> [Required action]:
Each line from the one containing "For Sale: $995,000" to the last line of the listing below must be reproduced exactly, and nothing more.

____________________

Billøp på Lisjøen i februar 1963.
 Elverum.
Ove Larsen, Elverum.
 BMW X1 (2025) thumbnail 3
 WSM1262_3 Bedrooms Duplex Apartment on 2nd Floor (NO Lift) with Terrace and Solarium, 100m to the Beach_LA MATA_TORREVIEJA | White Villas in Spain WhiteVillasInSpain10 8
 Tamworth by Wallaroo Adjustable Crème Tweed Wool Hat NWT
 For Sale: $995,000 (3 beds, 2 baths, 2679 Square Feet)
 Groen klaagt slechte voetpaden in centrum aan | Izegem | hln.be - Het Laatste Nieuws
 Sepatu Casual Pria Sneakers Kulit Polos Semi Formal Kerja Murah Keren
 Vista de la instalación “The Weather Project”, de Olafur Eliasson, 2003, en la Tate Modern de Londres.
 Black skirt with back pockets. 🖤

____________________

> [Written solution]:
 For Sale: $995,000 (3 beds, 2 baths, 2679 Square Feet)
 Groen klaagt slechte voetpaden in centrum aan | Izegem | hln.be - Het Laatste Nieuws
 Sepatu Casual Pria Sneakers Kulit Polos Semi Formal Kerja Murah Keren
 Vista de la instalación “The Weather Project”, de Olafur Eliasson, 2003, en la Tate Modern de Londres.
 Black skirt with back pockets. 🖤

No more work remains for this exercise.